About this task: Your task is to copy exactly the lines from the line containing "Andenes: Responsible Whale" through the end of the listing below, with pictures left out.

========================

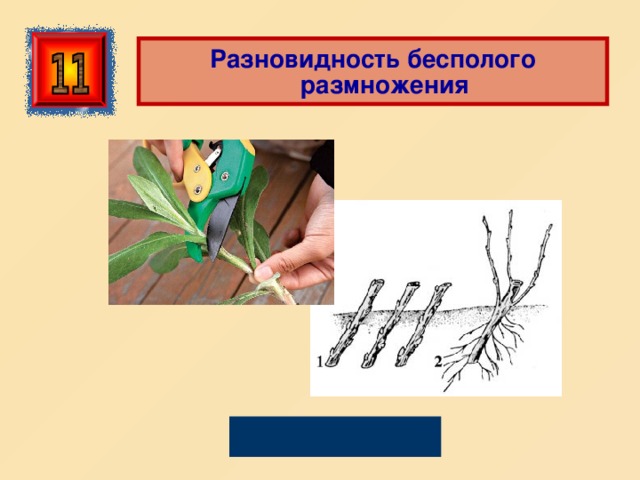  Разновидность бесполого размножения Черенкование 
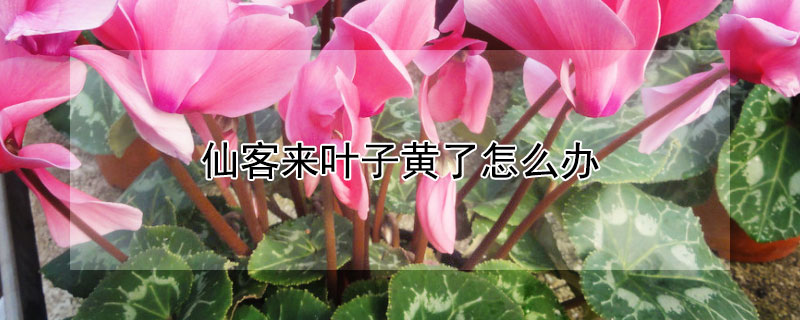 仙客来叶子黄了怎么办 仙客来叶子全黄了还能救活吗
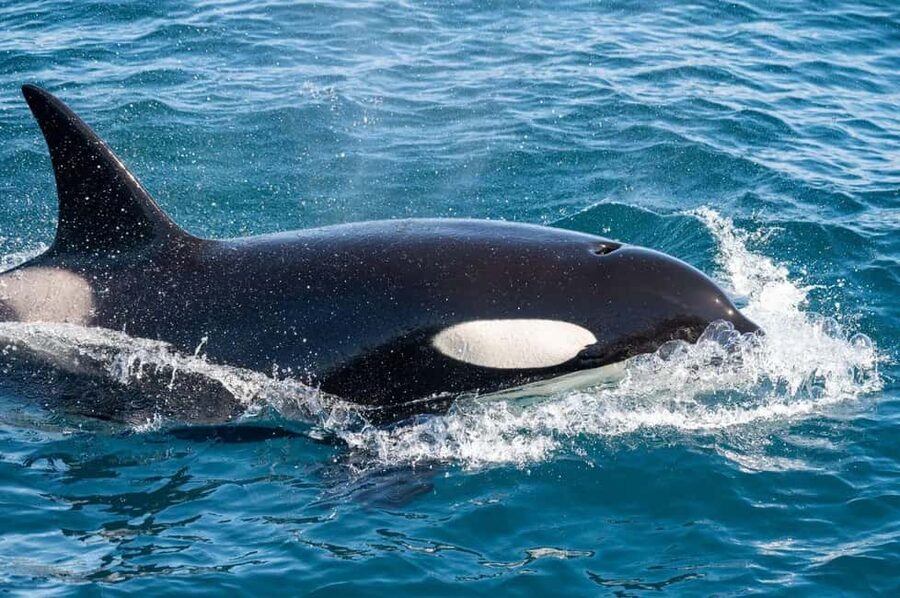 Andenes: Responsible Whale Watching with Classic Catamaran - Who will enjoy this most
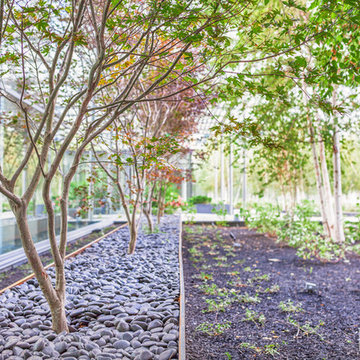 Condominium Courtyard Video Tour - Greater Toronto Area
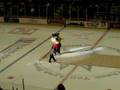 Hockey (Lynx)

========================

Written solution:
 Andenes: Responsible Whale Watching with Classic Catamaran - Who will enjoy this most
 Condominium Courtyard Video Tour - Greater Toronto Area
 Hockey (Lynx)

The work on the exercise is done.